Numéroter les billets manuellement ne me convient pas. Je veux pouvoir séparer l’ordre de publication de l’ordre narratif. Je veux pouvoir ajouter des entre-deux. Je veux pouvoir réordonner.
Aujourd’hui, pour reclasser une catégorie ou un tag, je dois modifier la timeline. C’est absurde. Nous avons besoin d’un autre mécanisme pour distribuer les billets à l’intérieur de différents corpus. Il faut imaginer le blog comme un ensemble de feuilles volantes qui peuvent être ordonnées en différentes piles. La métaphore du traitement de texte Daedalus me paraît féconde.
La home
Je ne suis pas journaliste ou chroniqueur. Plutôt que ressembler à la une d’un journal, ma page d’accueil doit mettre en avant les différents corpus, avec en complément éventuellement la timeline. Elle ne doit plus afficher les billets dans l’ordre antichronologique (ou peut-être seulement les billets d’humeur).
Le look
Je ne lis pratiquement plus les blogs dans un navigateur web, sauf quand je remonte des liens. Je les lis en général sur une tablette avec Feedly ou Flipboard, ou parfois par mail quand je suis abonné. Chaque fois je suis face à un environnement dépouillé (mais totalement incompatible avec l’idée de corpus).

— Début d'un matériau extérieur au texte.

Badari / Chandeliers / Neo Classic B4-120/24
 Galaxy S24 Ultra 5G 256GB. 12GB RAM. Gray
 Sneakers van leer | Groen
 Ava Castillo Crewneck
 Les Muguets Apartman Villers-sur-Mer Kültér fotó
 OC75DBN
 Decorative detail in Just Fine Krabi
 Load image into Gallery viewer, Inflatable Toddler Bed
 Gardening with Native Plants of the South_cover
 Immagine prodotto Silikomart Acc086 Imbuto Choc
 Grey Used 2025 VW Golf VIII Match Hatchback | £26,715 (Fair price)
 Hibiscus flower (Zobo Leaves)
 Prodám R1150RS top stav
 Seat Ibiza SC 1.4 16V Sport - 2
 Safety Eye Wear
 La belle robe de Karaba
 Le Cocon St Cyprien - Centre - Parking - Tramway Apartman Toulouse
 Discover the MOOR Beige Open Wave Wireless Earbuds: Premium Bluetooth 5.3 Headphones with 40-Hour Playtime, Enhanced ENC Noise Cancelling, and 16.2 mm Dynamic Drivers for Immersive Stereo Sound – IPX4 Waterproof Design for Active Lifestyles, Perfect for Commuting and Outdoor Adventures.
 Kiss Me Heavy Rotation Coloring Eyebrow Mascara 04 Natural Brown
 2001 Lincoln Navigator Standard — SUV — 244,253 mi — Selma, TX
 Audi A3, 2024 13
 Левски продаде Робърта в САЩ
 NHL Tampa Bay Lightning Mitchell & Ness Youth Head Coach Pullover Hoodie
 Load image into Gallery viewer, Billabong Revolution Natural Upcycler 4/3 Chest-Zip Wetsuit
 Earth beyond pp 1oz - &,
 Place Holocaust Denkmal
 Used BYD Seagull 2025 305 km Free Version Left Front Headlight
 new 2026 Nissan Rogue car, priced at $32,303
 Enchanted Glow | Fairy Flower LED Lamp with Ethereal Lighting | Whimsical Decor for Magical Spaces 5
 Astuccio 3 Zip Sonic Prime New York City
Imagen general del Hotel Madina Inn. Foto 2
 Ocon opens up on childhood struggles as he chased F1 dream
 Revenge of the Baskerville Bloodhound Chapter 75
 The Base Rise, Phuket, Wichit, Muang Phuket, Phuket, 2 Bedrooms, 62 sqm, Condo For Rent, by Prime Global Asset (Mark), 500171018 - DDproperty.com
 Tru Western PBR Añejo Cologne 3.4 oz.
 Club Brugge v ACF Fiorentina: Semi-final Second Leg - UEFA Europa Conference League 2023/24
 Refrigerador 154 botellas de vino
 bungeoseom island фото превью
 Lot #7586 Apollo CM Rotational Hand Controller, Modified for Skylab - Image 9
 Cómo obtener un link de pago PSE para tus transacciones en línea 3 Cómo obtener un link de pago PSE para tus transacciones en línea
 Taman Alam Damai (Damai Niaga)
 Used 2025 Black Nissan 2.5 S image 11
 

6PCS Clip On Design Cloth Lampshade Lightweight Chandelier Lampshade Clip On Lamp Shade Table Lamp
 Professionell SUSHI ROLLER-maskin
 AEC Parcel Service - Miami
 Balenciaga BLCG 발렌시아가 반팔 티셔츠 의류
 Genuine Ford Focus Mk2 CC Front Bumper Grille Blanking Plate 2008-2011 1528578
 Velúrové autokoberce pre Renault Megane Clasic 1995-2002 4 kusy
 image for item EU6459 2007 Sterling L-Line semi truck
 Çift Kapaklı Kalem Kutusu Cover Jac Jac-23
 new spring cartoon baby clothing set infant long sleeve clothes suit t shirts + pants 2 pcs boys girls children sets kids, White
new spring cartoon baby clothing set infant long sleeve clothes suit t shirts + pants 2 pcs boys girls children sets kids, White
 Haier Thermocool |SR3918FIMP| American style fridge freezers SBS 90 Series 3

J’aime cette simplicité. De plus en plus, j’ai envie que le blog lui-même ne dispose que d’une colonne. Menus en haut et en bas, tout le reste pour le texte. Qu’on puisse le lire dans un confort maximal tout en profitant de ses particularités (et il doit en avoir, ce que nient les apps de lectures... c’est comme si tous les livres papier étaient composés avec les mêmes réglages typo).
Un blog doit en lui-même être une app de lecture. Peut-être doit-il devenir livre, justement comme sur une liseuse. On tourne les pages. L’idée alors d’être dans un corpus serait plus immédiatement perceptible.
Des plug-ins
Tout cela exige des développements. Un plug-in pour la timeline (pas très compliqué et existe peut-être). Un plugin pour la création des corpus (besoin spécifique pour les auteurs). Je ne sais pas si je vais avoir le courage de me lancer. J’en sens la nécessité. Mon stylo numérique me bride en ce moment. Le next step ne peut s’accompagner que d’un next code.